Starting with the line that holds "Sif Jakobs Ellera" and stopping after the line that holds "Halloween Party Flyer CZJ8T5W", repeat the lines below word for word, without the pictures.

(Records from a data source)
[Start of Attachment]
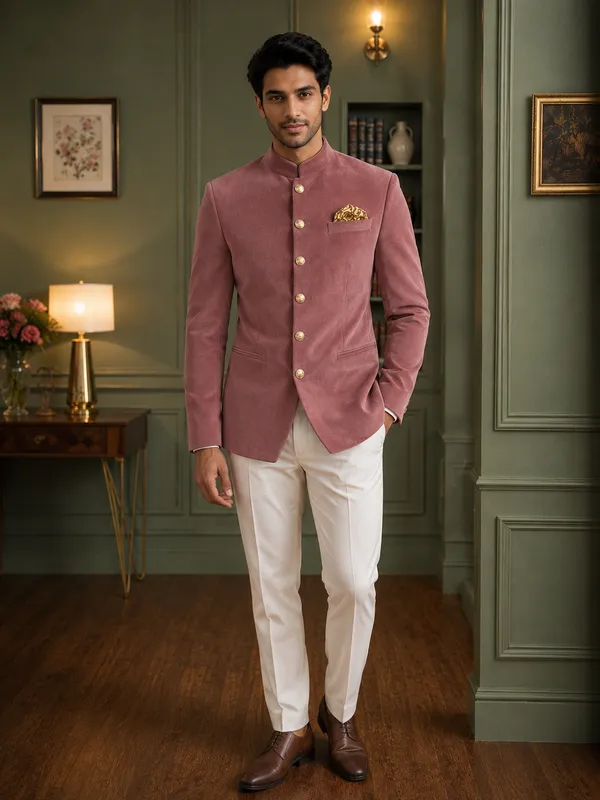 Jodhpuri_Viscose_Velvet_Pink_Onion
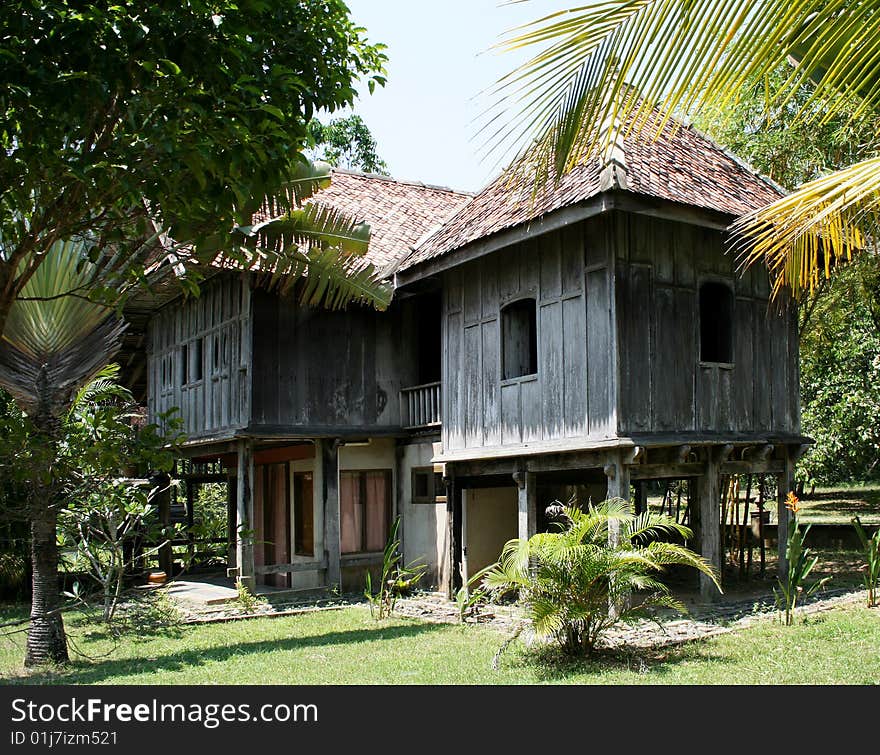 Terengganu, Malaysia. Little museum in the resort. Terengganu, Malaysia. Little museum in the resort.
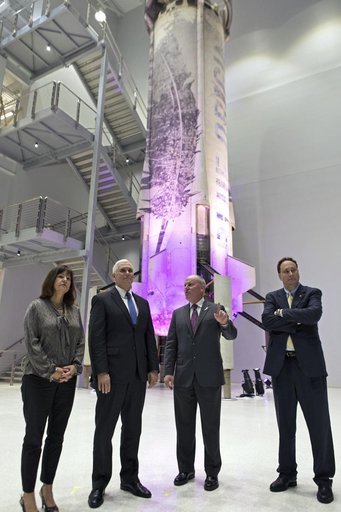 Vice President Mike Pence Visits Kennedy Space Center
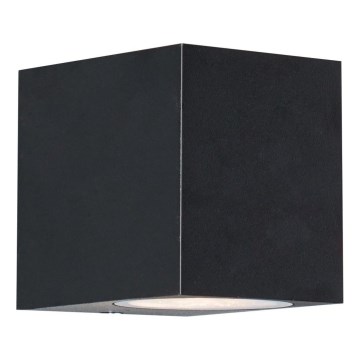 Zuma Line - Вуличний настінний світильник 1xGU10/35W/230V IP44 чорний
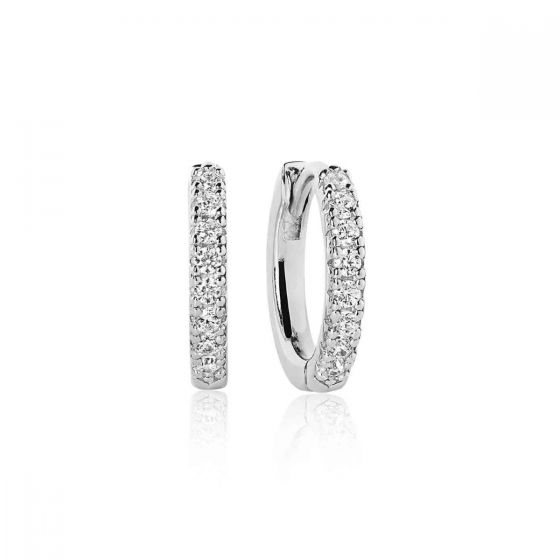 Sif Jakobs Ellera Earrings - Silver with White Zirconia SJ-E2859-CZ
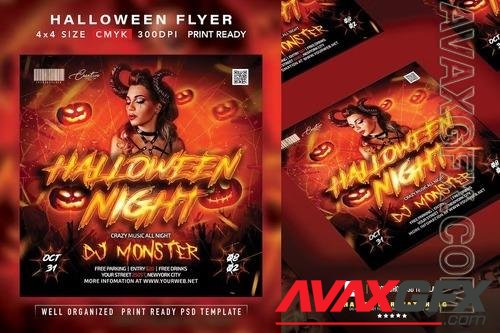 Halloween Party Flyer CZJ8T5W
[End of Attachment]
[Start of Attachment]
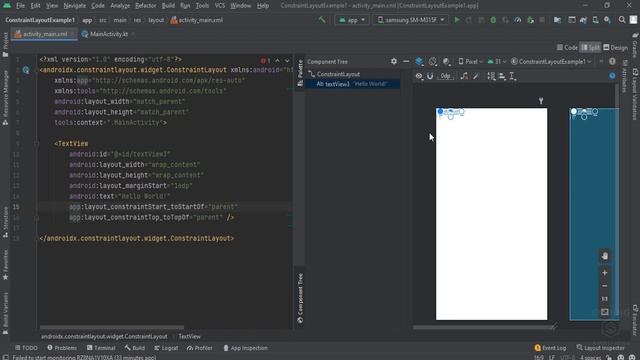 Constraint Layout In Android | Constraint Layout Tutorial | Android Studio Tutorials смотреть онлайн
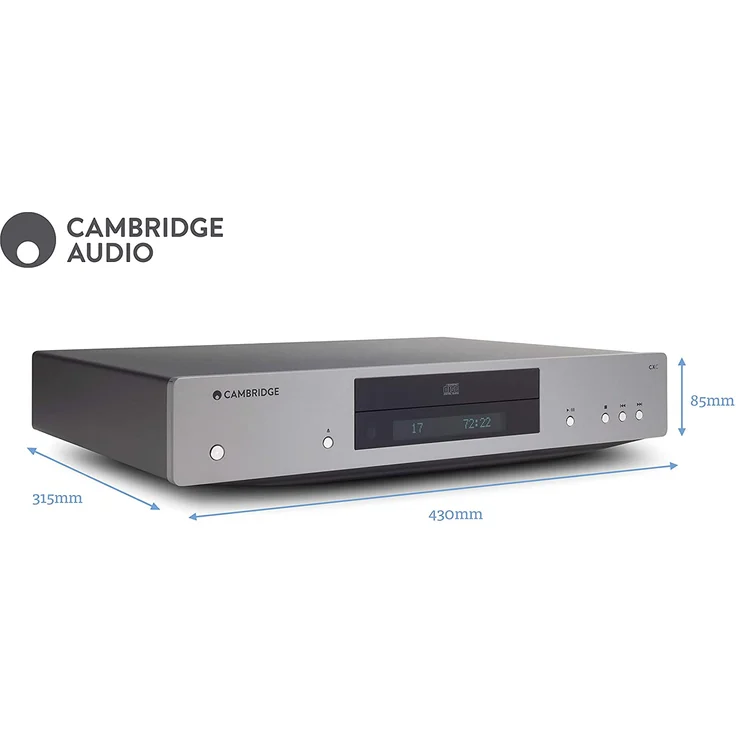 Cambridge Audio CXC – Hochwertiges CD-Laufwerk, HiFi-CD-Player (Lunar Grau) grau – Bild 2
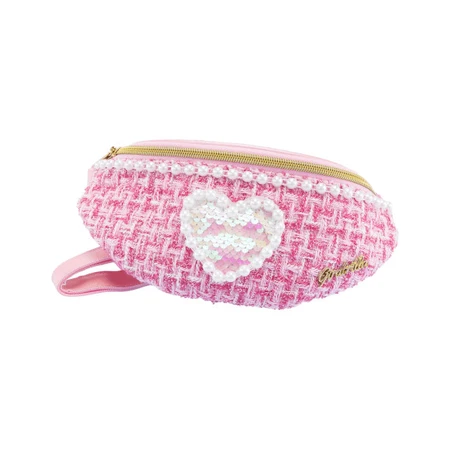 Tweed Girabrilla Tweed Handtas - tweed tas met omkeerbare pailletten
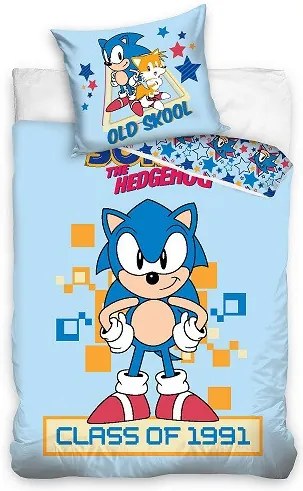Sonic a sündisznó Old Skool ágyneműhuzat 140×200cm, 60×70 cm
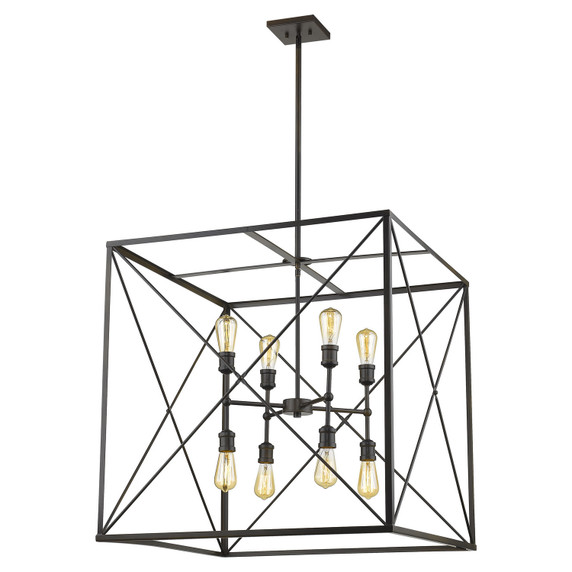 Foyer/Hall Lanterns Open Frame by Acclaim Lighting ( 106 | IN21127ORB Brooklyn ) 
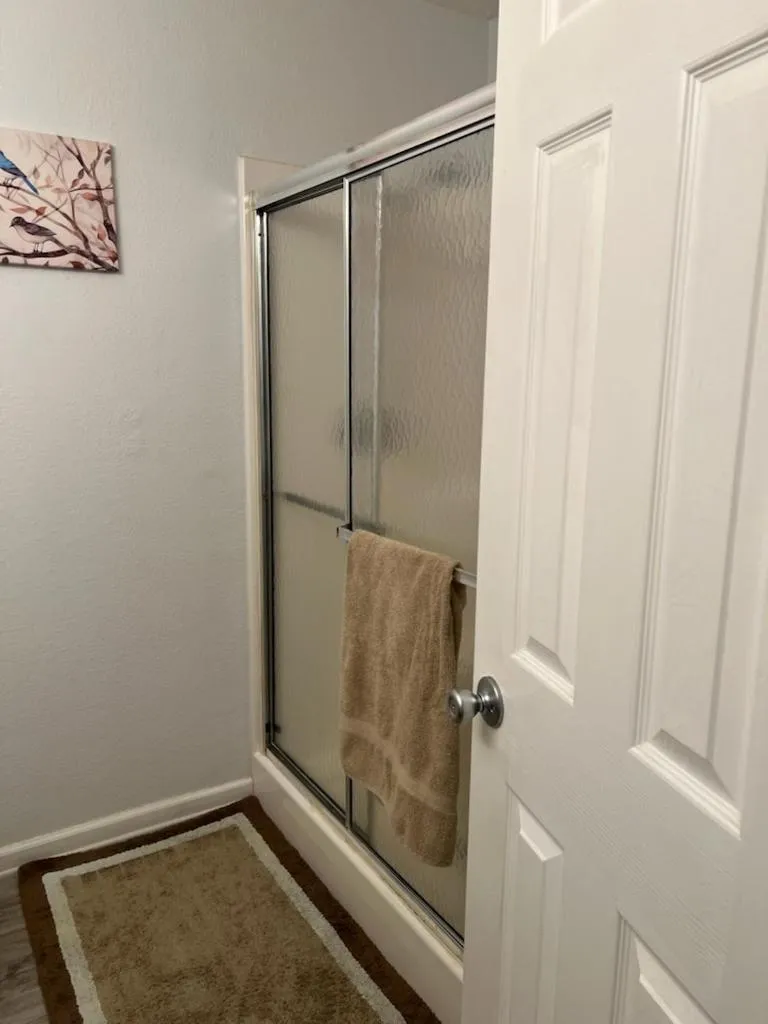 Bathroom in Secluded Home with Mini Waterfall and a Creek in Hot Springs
[End of Attachment]
▸ Expected output
 Sif Jakobs Ellera Earrings - Silver with White Zirconia SJ-E2859-CZ
 Halloween Party Flyer CZJ8T5W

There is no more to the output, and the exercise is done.